→ **Exercise goal**
An exact copy of the entries is required, excluding any pictures.

→ **Records excerpted from a collection**

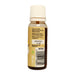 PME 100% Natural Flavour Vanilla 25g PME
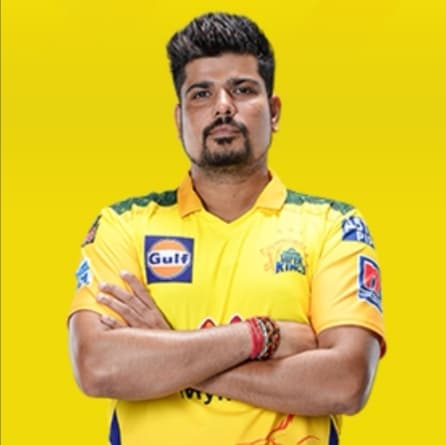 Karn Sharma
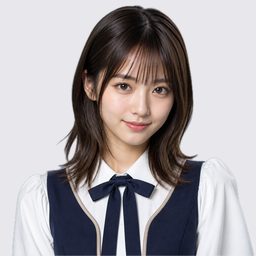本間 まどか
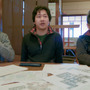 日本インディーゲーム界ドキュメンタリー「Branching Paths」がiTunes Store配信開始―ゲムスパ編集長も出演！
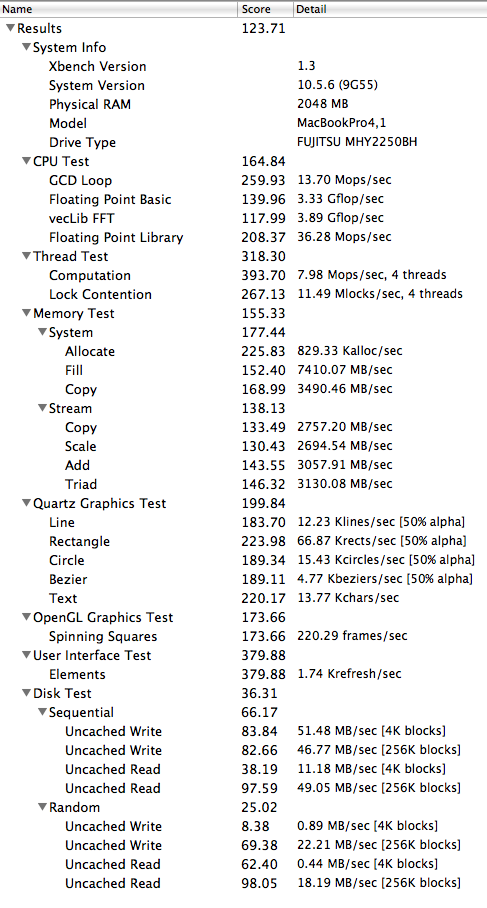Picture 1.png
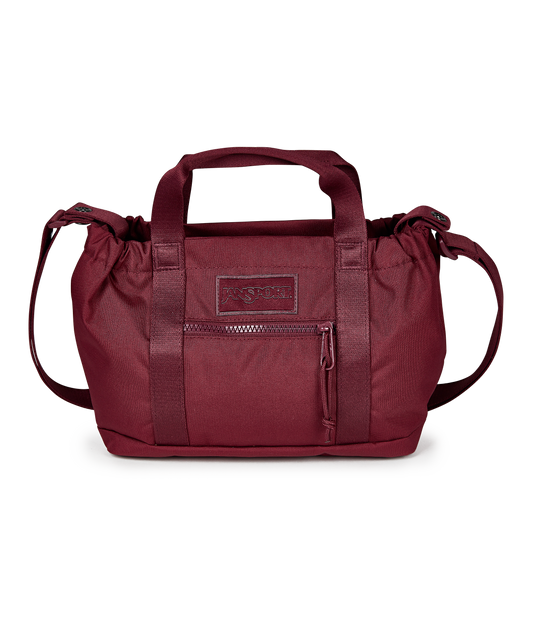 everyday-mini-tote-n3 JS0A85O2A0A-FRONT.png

→ **Result of the exercise**
 PME 100% Natural Flavour Vanilla 25g PME
 Karn Sharma
本間 まどか
 日本インディーゲーム界ドキュメンタリー「Branching Paths」がiTunes Store配信開始―ゲムスパ編集長も出演！
Picture 1.png
 everyday-mini-tote-n3 JS0A85O2A0A-FRONT.png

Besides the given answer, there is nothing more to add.